Mike e Scott sono due giovani, sbandati e tossicodipendenti, che si prostituiscono
in strada, vendendo il loro corpo a uomini e donne, per trovare i soldi per la
droga. Mike è malato di narcolessia, si addormenta di colpo quando è sotto
stress e, quindi, perde spesso il senso dell’orientamento. Scott è di famiglia
agiata, con un padre sindaco dispotico che non ne ha mai saputo capire il
disagio interiore. Legati dalla complicità della vita di strada ma anche da un
forte sentimento (Mike è innamorato di Scott), i due condividono un lungo
viaggio attraverso gli USA fino all’Italia, alla ricerca della madre di Mike,
che lo ha abbandonato da piccolo. Giunti a Roma, il più cinico Scott perde la
testa per una ragazza italiana e lascia da solo l’amico, abbandonandolo al suo
destino da reietto, tra droga e prostituzione. Scioccante dramma esistenziale
sul mondo del degrado giovanile, di quei figli ribelli e maledetti di
un’America indifferente e opulenta, che ha costruito il suo futuro sul
materialismo, sull’arrivismo e sulla prevaricazione, dando origine a generazioni
di sbandati viziati e senza speranza, incapaci di confrontarsi con questo mondo
spietato. L’analisi del regista è lucida e cruda, tra Pasolini, Warhol, Welles,
Lynch, Lewis Carroll e con vaghe suggestioni shakespeariane (il personaggio di Scott
è in parte modellato sul principe Hal della tragedia “Enrico IV”). Il ritratto di questi giovani emarginati e
sessualmente famelici è di quelli che restano, vivido e struggente, a tratti
raffinato nella sua prospettiva omosessuale con suggestioni psicoanalitiche. Lo
stridente contrasto tra le tematiche sordide e la sontuosa confezione figurativa
dell’opera (che si avvale di geniali invenzioni registiche e di esuberante
visionarietà), conferisce al tutto un magnifico taglio straniante ed un fascino
spudorato, che ne ha sancito lo stato di cult assoluto presso il pubblico
giovanile. La furiosa fotografia pittorica, densa di cromatismi violenti ed
esasperati, va letta nell’ottica dello stato perennemente allucinato del
protagonista Mike, dovuto sia all’abuso di droghe che alla sua patologia che ne
accentua lo smarrimento. Il film procede formalmente tra la ricercatezza del
ritratto barocco e la crudeltà del documentario realistico, con una visione
diadica in costante oscillazione tra sogno e realtà, normalità e alienazione,
ricchezza e povertà, intimità e distanza. Mike e Scott sono i due poli dell’oscillazione:
il primo cerca con rabbia una normalità negata a cui anela da sempre e che
idealizza nella figura di una madre perduta. Di contro il narcisistico Scott
cerca di rinnegare le sue radici borghesi, forse per punire inconsciamente il
ricco padre che nella vita gli ha saputo dare soltanto ordini e beni materiali.

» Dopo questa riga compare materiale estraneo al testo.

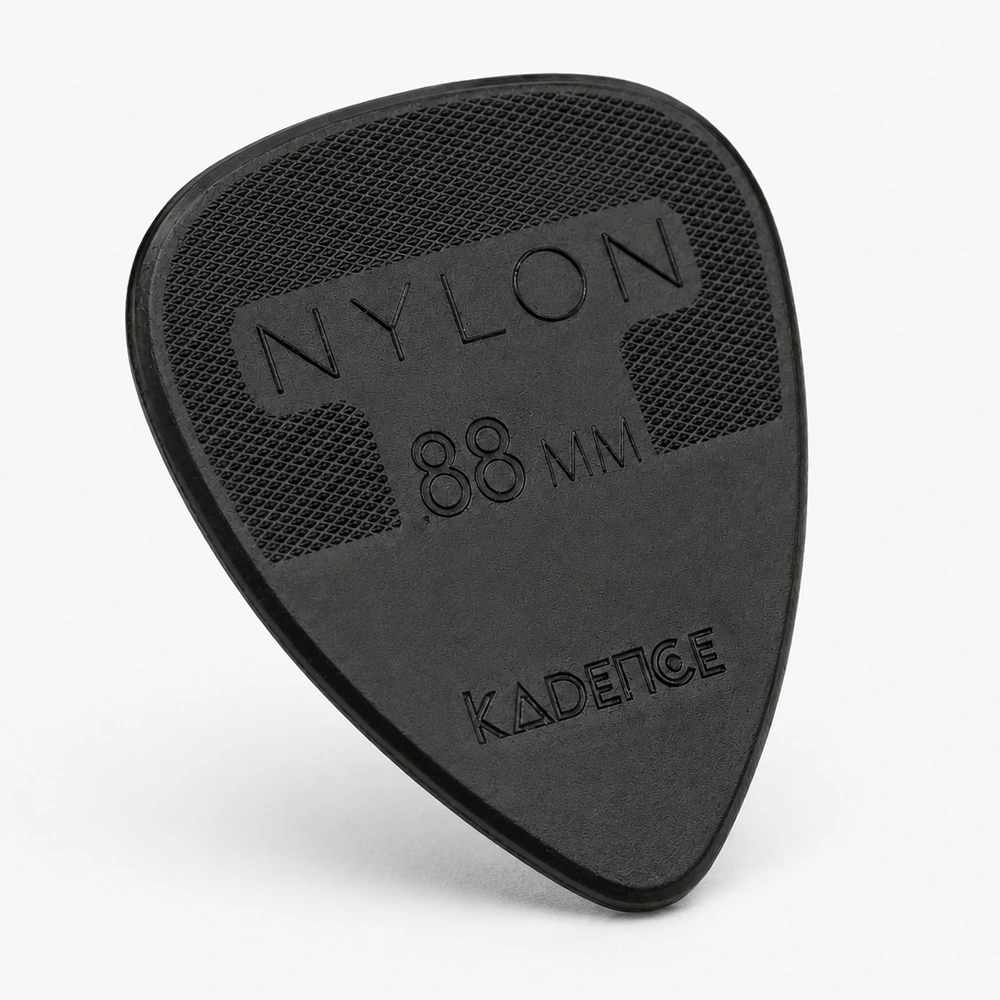 Jamming Series Nylon Guitar Picks (Pack of 4) · Black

La dimensione onirica che permea il film è intimamente connessa al personaggio
di Mike, mentre Scott è, evidentemente, in sintonia con il realismo, con la
distanza e con il freddo calcolo. Il mondo idealizzato dell’infanzia a cui Mike
cerca di tornare (quell’Idaho privato a cui si riferisce il titolo originale,
il cui senso profondo viene totalmente perduto nel discutibile e banalissimo
titolo italiano) rappresenta l’archetipo ancestrale di tutte le mitologie
americane (terra, casa, famiglia). Questo è il film più intimo e privato
dell’autore, quello in cui egli si abbandona liberamente ai ricordi, agli
incubi, ai suoi gusti estetici e alla sua visione dell’omosessualità. Non a
caso una delle sue ambientazioni è Portland, la città dove Van Sant vive e lavora
da anni. La sessualità trasgressiva mostrata nella pellicola non è mai
ammiccante o volgare, ma glaciale e distaccata. I corpi sono raffigurati come
statici e androgini, quasi privi di sessualità e, più che all’erotismo, fanno
pensare alla morte. Nel cast ci sono River Phoenix (autore di
un’interpretazione straordinaria), Keanu Reeves, James Russo e la nostra Chiara
Caselli. Il compianto River Phoenix, da molti indicato come possibile erede di James
Dean (con cui ha condiviso il tragico destino di morte prematura), vinse, per
questo ruolo, la Coppa
Volpi per la migliore interpretazione maschile alla Mostra del
Cinema di Venezia. Questo intenso ritratto onirico di un’America sfrontata e
maledetta ha consacrato definitivamente il suo autore come uno tra i più grandi
esponenti del cinema indipendente d’oltre oceano.